WHAT TO WORK ON: Pull out of the data below the stretch of lines bounded by the one containing "this 350×262 image." and the one containing "this 400×600 image.", both bounds included, unchanged.

RECORDS SUPPLIED:
== Segment start ==

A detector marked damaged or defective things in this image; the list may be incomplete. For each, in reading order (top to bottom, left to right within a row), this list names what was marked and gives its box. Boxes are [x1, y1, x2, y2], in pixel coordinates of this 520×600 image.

== Segment end ==
== Segment start ==

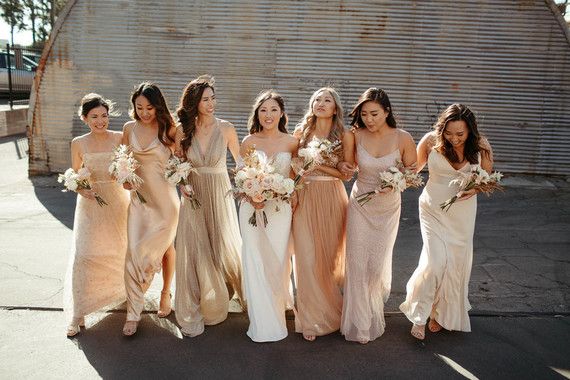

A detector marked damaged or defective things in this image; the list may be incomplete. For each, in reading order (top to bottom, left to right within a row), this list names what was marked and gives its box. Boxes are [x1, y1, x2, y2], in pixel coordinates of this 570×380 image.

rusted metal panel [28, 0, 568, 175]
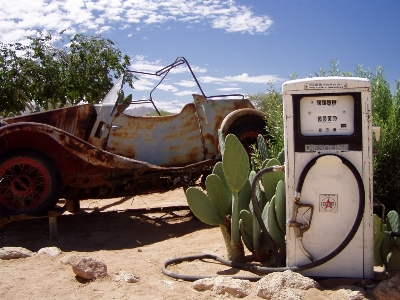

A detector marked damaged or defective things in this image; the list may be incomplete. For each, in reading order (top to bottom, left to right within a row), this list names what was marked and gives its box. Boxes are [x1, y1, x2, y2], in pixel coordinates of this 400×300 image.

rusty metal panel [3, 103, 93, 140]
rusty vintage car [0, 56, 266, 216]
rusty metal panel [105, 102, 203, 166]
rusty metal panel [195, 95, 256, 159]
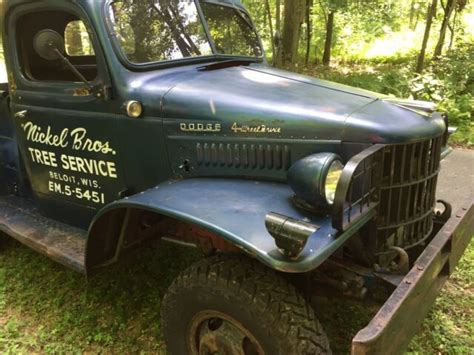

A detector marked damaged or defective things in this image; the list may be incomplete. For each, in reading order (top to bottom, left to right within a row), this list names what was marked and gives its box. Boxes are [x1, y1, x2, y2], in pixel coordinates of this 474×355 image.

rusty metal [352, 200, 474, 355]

== Segment end ==
== Segment start ==

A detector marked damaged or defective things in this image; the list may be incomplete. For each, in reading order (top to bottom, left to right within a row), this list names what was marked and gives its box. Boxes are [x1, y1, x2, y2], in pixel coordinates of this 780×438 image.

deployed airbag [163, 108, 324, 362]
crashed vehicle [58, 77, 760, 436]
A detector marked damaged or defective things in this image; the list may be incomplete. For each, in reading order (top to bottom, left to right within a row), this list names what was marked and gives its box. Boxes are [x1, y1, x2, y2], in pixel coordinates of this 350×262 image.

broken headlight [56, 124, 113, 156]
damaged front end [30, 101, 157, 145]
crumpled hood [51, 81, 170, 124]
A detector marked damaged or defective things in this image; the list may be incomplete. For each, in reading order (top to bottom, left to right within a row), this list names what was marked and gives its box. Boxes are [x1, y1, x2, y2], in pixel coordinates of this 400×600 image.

== Segment end ==

FINAL ANSWER:
A detector marked damaged or defective things in this image; the list may be incomplete. For each, in reading order (top to bottom, left to right within a row), this list names what was marked and gives its box. Boxes are [x1, y1, x2, y2], in pixel coordinates of this 350×262 image.

broken headlight [56, 124, 113, 156]
damaged front end [30, 101, 157, 145]
crumpled hood [51, 81, 170, 124]
A detector marked damaged or defective things in this image; the list may be incomplete. For each, in reading order (top to bottom, left to right within a row), this list names what was marked and gives its box. Boxes are [x1, y1, x2, y2], in pixel coordinates of this 400×600 image.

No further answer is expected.